Soumis par Yda Alexis NAGALO le jeu, 01/05/2017 - 11:05

Cinquante (50) ans après l’adoption des pactes de 1966, les droits de l’homme constituent une matière du droit international qui continue de s’entendre et de se complexifier. Cette complexification exige la construction d’une classification ou de typologie pour appréhender chaque droit dans son régime juridique spécifique, en tenant compte des particularismes matérielles qui conduisent à l’adoption d’une norme.
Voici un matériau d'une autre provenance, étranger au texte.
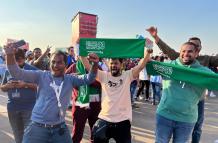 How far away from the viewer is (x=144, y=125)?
9.58m

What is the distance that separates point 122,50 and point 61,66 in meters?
1.19

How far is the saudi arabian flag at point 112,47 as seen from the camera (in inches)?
208

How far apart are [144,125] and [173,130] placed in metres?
4.61

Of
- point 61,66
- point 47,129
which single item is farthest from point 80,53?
point 47,129

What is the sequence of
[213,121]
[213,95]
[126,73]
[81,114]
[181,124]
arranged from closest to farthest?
1. [181,124]
2. [126,73]
3. [81,114]
4. [213,121]
5. [213,95]

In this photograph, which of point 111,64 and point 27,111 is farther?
point 27,111

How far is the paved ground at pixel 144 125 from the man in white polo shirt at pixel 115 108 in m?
2.57

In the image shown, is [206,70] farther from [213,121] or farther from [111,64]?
[213,121]

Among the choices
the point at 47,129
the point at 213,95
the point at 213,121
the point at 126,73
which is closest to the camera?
the point at 47,129

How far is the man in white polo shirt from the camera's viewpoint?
16.6ft

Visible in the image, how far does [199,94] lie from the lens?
500 cm

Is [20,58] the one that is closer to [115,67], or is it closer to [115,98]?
[115,67]

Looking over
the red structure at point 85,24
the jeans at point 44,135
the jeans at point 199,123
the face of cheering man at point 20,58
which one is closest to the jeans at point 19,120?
the face of cheering man at point 20,58

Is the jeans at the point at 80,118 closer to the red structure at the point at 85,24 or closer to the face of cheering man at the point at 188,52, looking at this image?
the face of cheering man at the point at 188,52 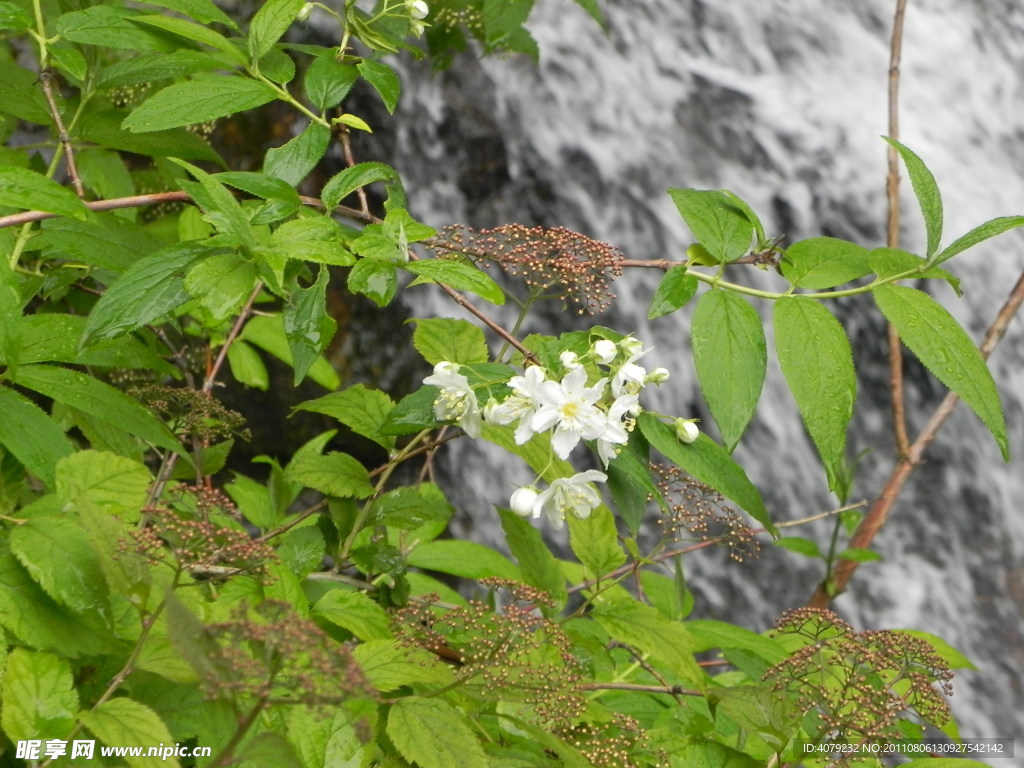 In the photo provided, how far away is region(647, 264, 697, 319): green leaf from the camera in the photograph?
1.42 metres

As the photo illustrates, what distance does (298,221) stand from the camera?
1.32 m

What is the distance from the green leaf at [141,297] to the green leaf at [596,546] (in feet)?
2.60

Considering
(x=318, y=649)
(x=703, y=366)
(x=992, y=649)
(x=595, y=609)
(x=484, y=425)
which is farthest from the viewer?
(x=992, y=649)

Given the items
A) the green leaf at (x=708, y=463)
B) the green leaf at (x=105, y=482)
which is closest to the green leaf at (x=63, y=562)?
the green leaf at (x=105, y=482)

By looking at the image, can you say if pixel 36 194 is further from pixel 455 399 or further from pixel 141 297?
pixel 455 399

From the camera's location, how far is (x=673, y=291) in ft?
4.76

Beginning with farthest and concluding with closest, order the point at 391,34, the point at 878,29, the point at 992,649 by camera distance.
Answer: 1. the point at 878,29
2. the point at 992,649
3. the point at 391,34

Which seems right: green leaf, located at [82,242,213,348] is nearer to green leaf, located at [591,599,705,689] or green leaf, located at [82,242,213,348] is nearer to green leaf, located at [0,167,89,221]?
green leaf, located at [0,167,89,221]

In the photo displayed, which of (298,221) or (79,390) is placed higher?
(298,221)

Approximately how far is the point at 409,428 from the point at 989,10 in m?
4.64

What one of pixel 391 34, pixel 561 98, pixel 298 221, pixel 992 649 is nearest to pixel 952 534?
pixel 992 649

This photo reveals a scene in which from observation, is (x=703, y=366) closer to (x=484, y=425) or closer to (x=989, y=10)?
(x=484, y=425)

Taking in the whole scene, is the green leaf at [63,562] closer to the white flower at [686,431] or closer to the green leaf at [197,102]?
the green leaf at [197,102]

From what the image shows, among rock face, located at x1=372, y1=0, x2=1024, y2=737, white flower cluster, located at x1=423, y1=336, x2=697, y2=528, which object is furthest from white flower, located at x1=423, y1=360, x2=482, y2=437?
rock face, located at x1=372, y1=0, x2=1024, y2=737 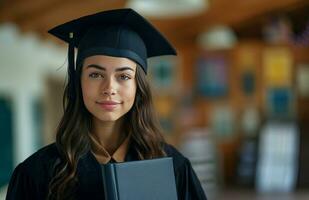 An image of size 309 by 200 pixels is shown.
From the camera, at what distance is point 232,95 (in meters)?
6.81

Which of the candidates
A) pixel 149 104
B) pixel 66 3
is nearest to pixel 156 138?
pixel 149 104

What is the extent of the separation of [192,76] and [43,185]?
5.64 metres

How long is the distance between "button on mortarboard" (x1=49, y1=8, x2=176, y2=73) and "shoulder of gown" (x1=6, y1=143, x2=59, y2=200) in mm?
274

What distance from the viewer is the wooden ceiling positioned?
→ 4.43 m

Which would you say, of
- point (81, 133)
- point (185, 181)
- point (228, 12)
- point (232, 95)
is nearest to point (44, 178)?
point (81, 133)

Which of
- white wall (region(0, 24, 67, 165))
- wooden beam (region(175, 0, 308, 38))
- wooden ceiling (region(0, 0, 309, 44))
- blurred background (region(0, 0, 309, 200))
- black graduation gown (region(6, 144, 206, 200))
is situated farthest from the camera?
blurred background (region(0, 0, 309, 200))

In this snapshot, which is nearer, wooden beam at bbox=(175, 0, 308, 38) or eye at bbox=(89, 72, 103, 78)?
eye at bbox=(89, 72, 103, 78)

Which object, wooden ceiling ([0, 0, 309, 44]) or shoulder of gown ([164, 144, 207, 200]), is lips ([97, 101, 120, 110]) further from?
wooden ceiling ([0, 0, 309, 44])

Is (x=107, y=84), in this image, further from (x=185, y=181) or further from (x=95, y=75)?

La classification la plus répandue en doctrine est celle opérée par Karel Vasak à l’occasion de son discours devant l’Institut International des Droits de l’Homme à Strasbourg en 1979 selon laquelle les droits de l’homme tiennent en trois (3) générations distinctes[1] ; la première génération comprend les droits civils et politiques (Pacte I), la deuxième génération regroupe les droits économiques, sociaux et culturels (Pacte II), la troisième génération s’articule sur les droits dits de solidarité[2].

La classification générationnelle des droits de l’homme répond à des motivations[3] historiques, juridiques, politiques, idéologiques qui n’a pas manqué de servir une vision à géométrie variable où les droits de l’homme ne représentait plus un tout uniforme mais une constellation de droits particuliers, à la carte, et aux antipodes de l’indivisibilité et de l’interdépendance.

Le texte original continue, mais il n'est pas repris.